* [Data extracts]
-*-*-

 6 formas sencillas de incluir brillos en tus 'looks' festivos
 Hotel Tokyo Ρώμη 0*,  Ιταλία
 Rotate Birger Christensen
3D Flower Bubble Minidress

-*-*-

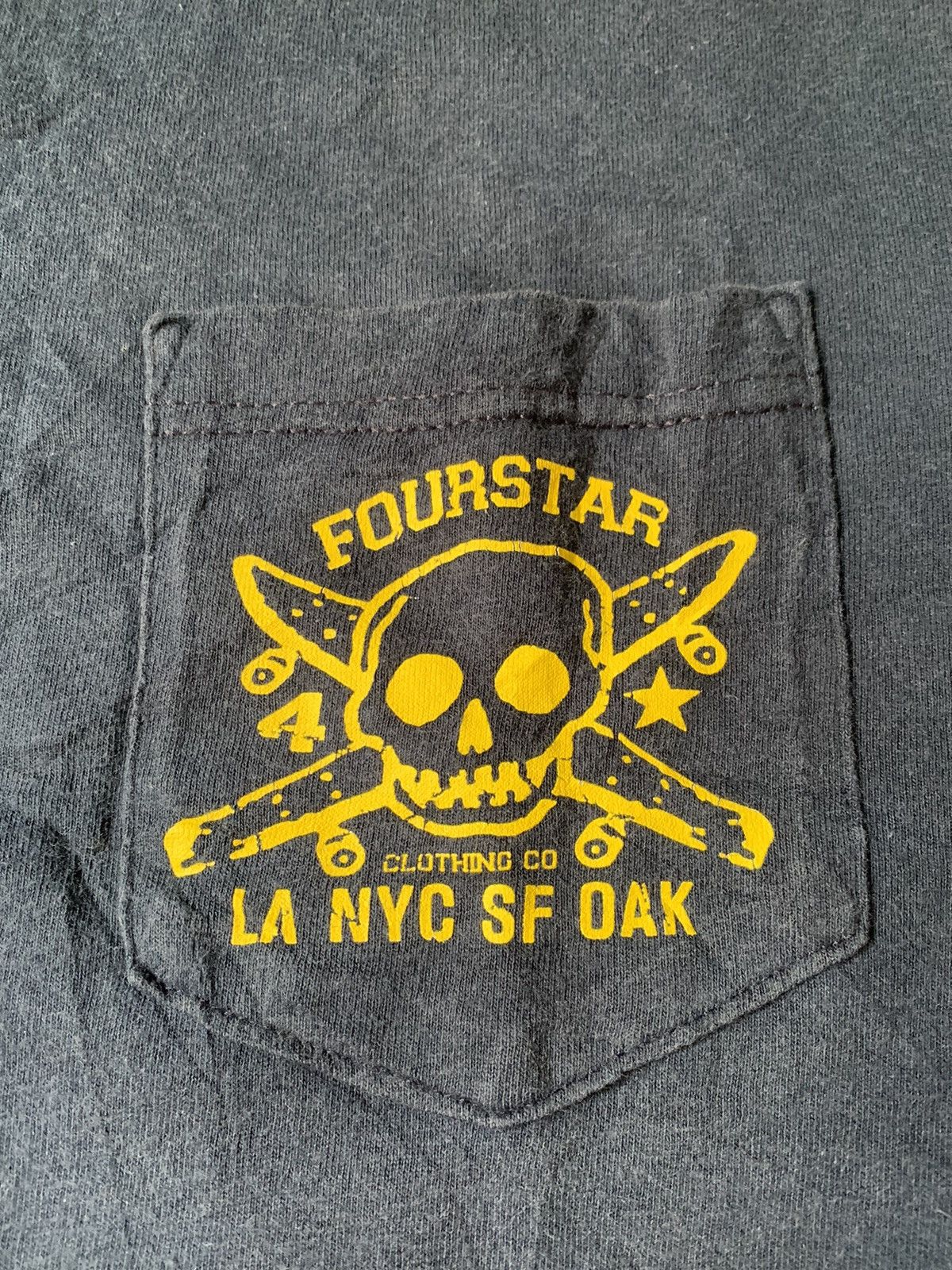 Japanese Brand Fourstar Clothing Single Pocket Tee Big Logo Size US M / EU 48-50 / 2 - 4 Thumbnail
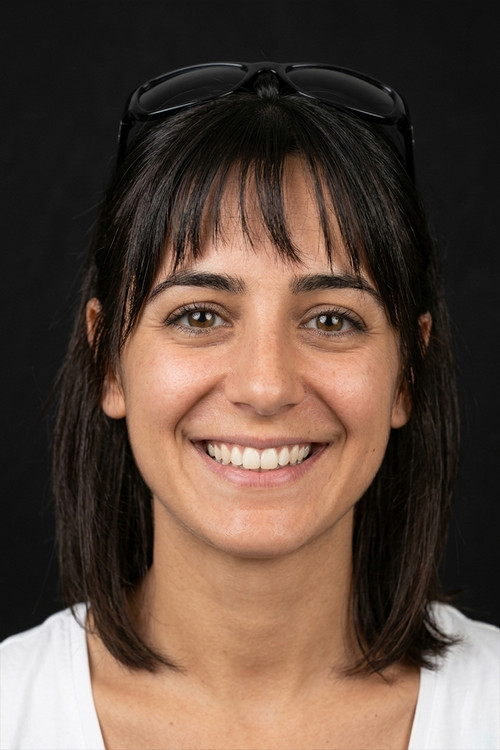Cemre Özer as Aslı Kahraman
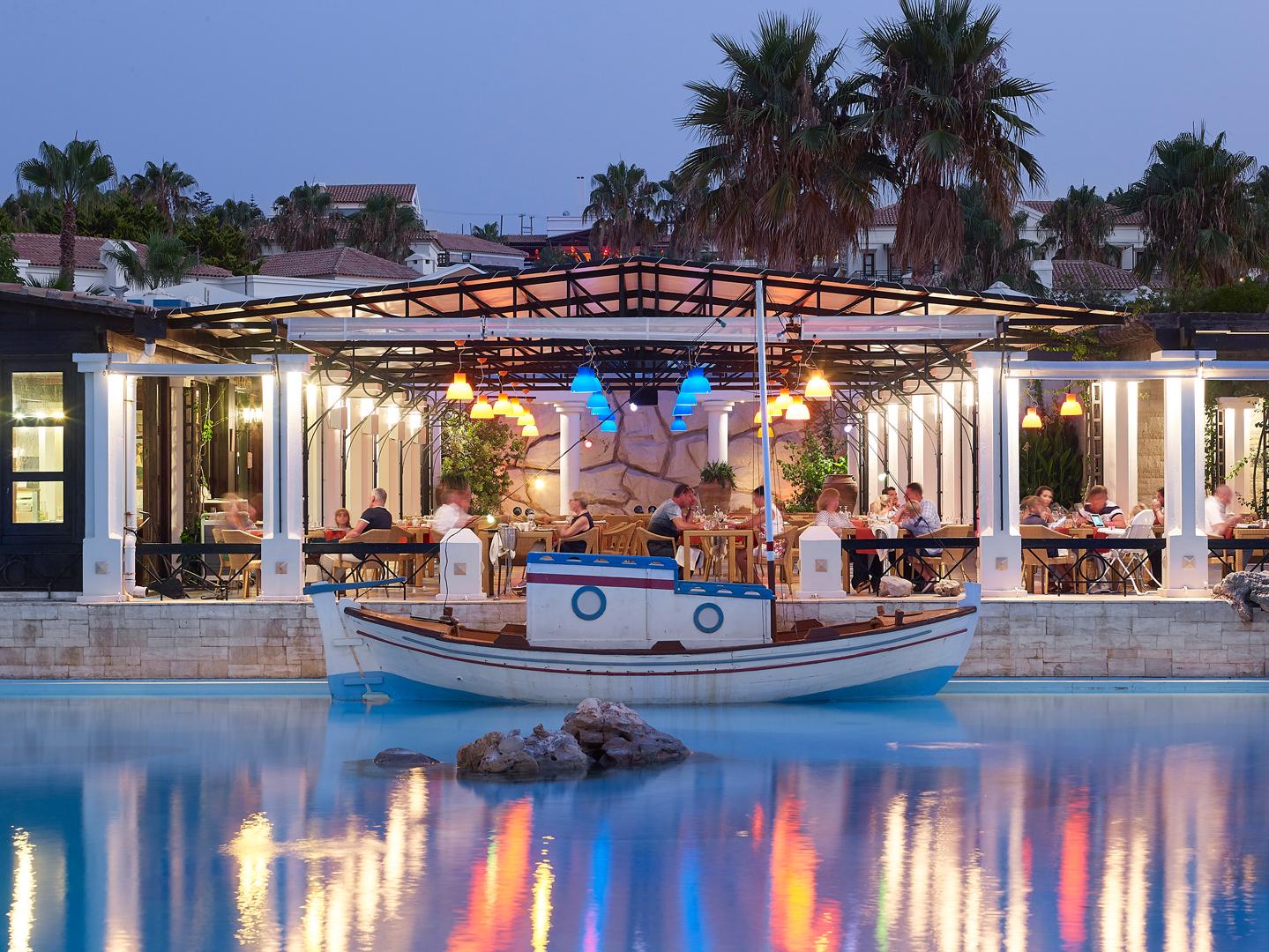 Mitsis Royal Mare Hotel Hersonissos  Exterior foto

-*-*-

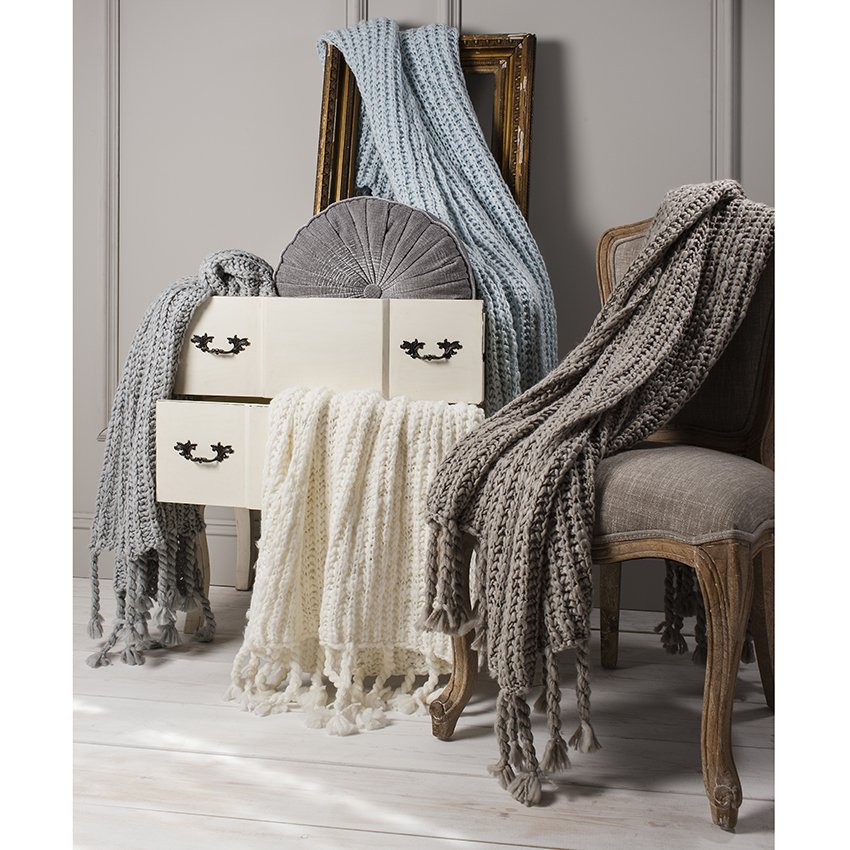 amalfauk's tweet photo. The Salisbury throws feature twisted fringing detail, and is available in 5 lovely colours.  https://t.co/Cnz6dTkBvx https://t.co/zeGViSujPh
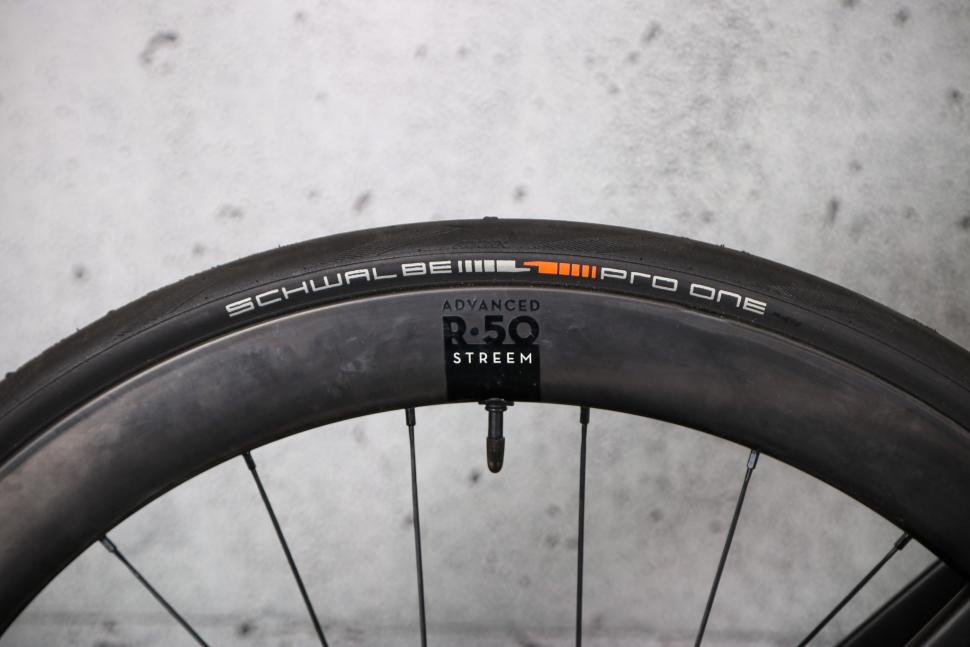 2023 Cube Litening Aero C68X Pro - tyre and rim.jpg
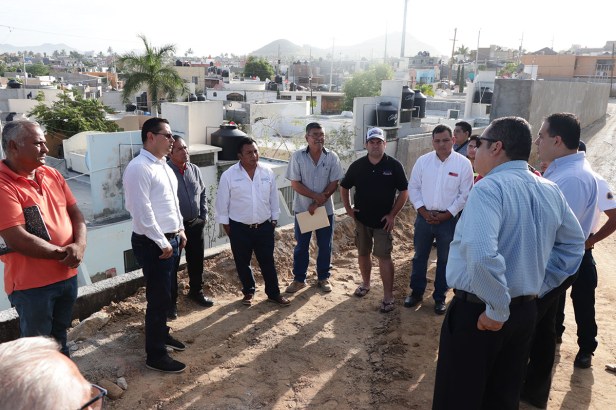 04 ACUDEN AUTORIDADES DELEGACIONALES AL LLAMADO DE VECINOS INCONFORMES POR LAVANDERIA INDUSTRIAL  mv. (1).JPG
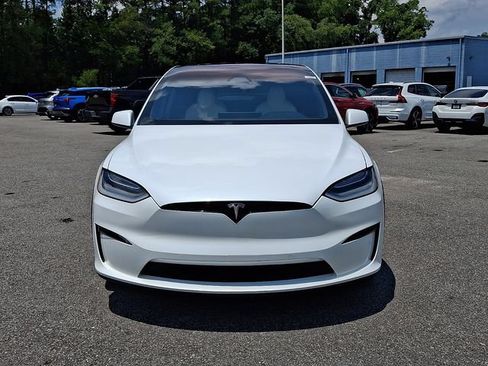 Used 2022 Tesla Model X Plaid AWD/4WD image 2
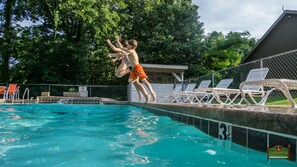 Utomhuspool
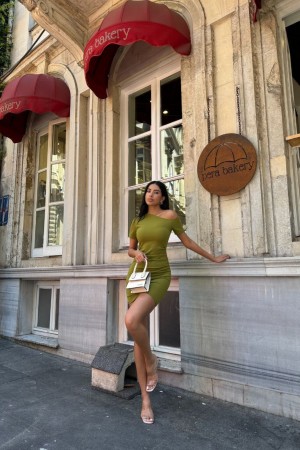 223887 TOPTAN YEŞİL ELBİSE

-*-*-

* [Exercise instructions] Once the line with "Used 2022 Tesla" is found above, print it and every line after it through the line with "223887 TOPTAN YEŞİL ELBİSE", exactly. Pictures stay out.

* [Expected output]
 Used 2022 Tesla Model X Plaid AWD/4WD image 2
 Utomhuspool
 223887 TOPTAN YEŞİL ELBİSE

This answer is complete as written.